Here is what the two print statements produce when the test is run. The json_string is
{"resource": {"type": "book", "author": "John Doe"}}
and the query dict looks like
<QueryDict: {u'{\'form\': \'{"resource": {"type": "book", "author": "John Doe"}}\'}': [u'']}>
I'm total newbie with JS and ajax, so don't worry about hurting my pride, the answer is probably so close it could jump up and bite me.
Final edit
I originally stated that header HTTP_X_REQUESTED_WITH='XMLHttpRequest' was necessary in the post call but this is currently false while in tests. This header is necessary for the csrf middleware but csrf is disabled in tests. However, I still believe it is a good practice to put in test even if middleware disables csrf since most javascript library already pass this header by default when doing ajax. Also, if another piece of code that is not disabled ever use the is_ajax method, you won't need to debug your unittest for hours to figure out that the header was missing.
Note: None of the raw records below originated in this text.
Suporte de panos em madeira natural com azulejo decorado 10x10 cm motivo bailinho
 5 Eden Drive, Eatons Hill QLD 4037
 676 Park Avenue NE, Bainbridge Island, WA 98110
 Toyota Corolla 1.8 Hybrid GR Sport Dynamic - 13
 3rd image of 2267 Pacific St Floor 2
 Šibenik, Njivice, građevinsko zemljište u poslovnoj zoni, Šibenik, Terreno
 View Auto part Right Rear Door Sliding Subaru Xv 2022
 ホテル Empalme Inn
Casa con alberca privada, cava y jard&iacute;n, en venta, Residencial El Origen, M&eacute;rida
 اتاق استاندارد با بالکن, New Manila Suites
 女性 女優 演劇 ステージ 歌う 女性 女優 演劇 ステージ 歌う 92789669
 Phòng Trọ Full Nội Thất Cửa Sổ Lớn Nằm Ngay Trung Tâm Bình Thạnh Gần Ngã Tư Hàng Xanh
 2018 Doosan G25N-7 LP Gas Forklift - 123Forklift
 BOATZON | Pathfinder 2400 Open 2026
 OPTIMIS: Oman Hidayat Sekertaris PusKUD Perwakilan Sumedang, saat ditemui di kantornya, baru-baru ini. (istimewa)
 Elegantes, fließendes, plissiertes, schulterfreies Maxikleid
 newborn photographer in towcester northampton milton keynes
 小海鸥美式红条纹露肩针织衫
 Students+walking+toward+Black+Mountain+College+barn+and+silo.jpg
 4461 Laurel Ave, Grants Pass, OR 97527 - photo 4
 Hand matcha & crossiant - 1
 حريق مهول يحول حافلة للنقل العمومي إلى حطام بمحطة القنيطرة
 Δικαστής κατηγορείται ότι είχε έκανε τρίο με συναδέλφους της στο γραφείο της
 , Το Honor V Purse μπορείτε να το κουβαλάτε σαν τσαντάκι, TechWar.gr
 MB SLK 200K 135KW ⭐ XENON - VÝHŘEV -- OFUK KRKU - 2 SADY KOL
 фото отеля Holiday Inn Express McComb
The problem is with the content-type because when django gets a value in there that is different than text/html, it doesn't use the default post data handling which is to format your data like in a query: type=book&author=JohnDoe for example.
Then the fixed code is:
response = self.client.post(reverse('ajax_view'),
{'form':json_string},
HTTP_X_REQUESTED_WITH='XMLHttpRequest')
Here's how I'm using it myself:
post_data = {
"jsonrpc" : "2.0", "method": method, "params" : params, "id" : id }
return client.post('/api/json/',
json.dumps(post_data), "text/json",
HTTP_X_REQUESTED_WITH='XMLHttpRequest')
to do some json-rpc. Notice that since I pass a different content-type than the default value, my data is passed as is in the post request.
Thank you to #Eric_Fortin for turning me on to the header, it does not however resolve my issue with the malformed query dictionary using 'client.post'. Once I made the change from POST to GET with the XMLHttpRequest header my query dictionary straitened itself out. Here is the current solution:
response = self.client.get(reverse('ajax_view'),
{'form':json_string},'json',
HTTP_X_REQUESTED_WITH='XMLHttpRequest')
this is only a partial answer since this request is going to change data on the server and should be POST not a GET.
Edit:
Here is the final code in my test that works for passing a JSON string via POST to my view:
response = self.client.post(reverse('ajax_view'),
{'form':json.dumps(json_dict)})
Now printing from the view shows that the query dictionary is well formed.
<QueryDict: {u'form': [u'{"resource": {"status": "reviewed", "name": "Resource Test", "description": "Unit Test"}}']}>
I found the answer while tinkering with one of my co-workers, removing the content_type 'json' fixed the malformed query dictionary. The view that is being tested does not make use of or call the 'HttpRequest.is_ajax()', sending the header XMLHttpRequest' has no impact on my issue, though including the header would constitute good-form since this post is an ajax request.